God’s glory amplified in Christ
I am the Lord! That is my name!
I will not share my glory with anyone else,
or the praise due me with idols.
Isaiah 42:8 (See also Isaiah 48:9-11)
God is jealous for His glory. He wants all of it and He doesn’t take it lightly. All of creation is marked with His glory (Psalm 19:1), even man is created for His glory (Isaiah 43:7). If His glory is diminished, God is insulted. That is why His glory needs to be amplified.
Here Jesus, being fully God and is the fullness of God’s glory asks to be glorified for the expressed purpose of glorifying God back. Imagine a feedback loop getting louder and louder forever; this is the complete amplification of God’s glory – the Son glorifying the Father, who glorifies the Son. It is no wonder that Jesus is entirely glorifying to Him because that is all that Christ does (John 5:19)!

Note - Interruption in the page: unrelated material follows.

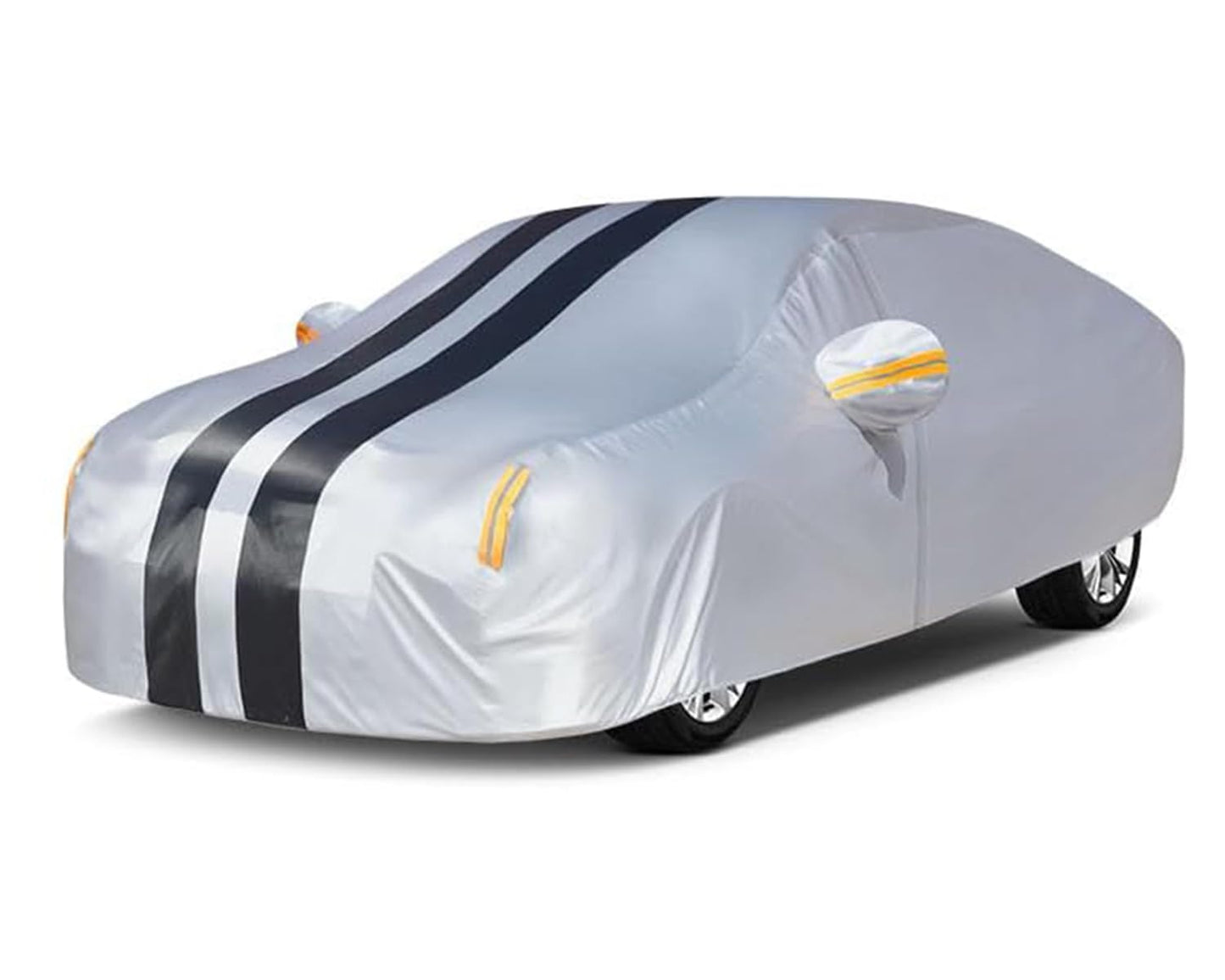 Full Car Cover, All Weather, Heavy Duty Car Covers for Rain Sun UV Protection With Door Zipper, Fits For BMW, Benz ，Lexus，Toyota，Sedans Other Car，Fits Sedan Length 4.5-5.3m (L)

God’s glory amplified in Christ’s redemption
For God did not send his Son into the world to condemn the world, but in order that the world might be saved through him.
John 3:17 (See also John 4:34, 5:36)
When Jesus had received the sour wine, he said, “It is finished,” and he bowed his head and gave up his spirit.
It is no secret. Jesus was sent on a mission. His mission is clear in John 17:3 – to bring his own to eternal life by restoring the relationship between man and God (John 17:22-24). That is what it means to “know you, the only true God, and Jesus Christ, whom you sent”. The knowledge here isn’t just an intellectual knowledge, but an experiential and spiritual one. John tells us specifically that the completion of this redemptive work brings glory to God.
We tend to think that God did it all for us. We think that it was entirely for us that Christ came and for us that He died (John 3:16). We tend to place ourselves in the center of the story of redemption. But the truth is that God is at the center of redemption. God brought Israel out of Egypt for His name’s sake (Isaiah 49:3). He brought Israel out of captivity for His name’s sake (Ezekiel 36:22-23). God forgives our sin for His name’s sake (Isaiah 43:25). We don’t motivate God to redeem us, because we have no merit or strength that God might be motivated by. The only thing that could motivate God is God Himself.
Time to get off our high horse and put God in the center of redemption.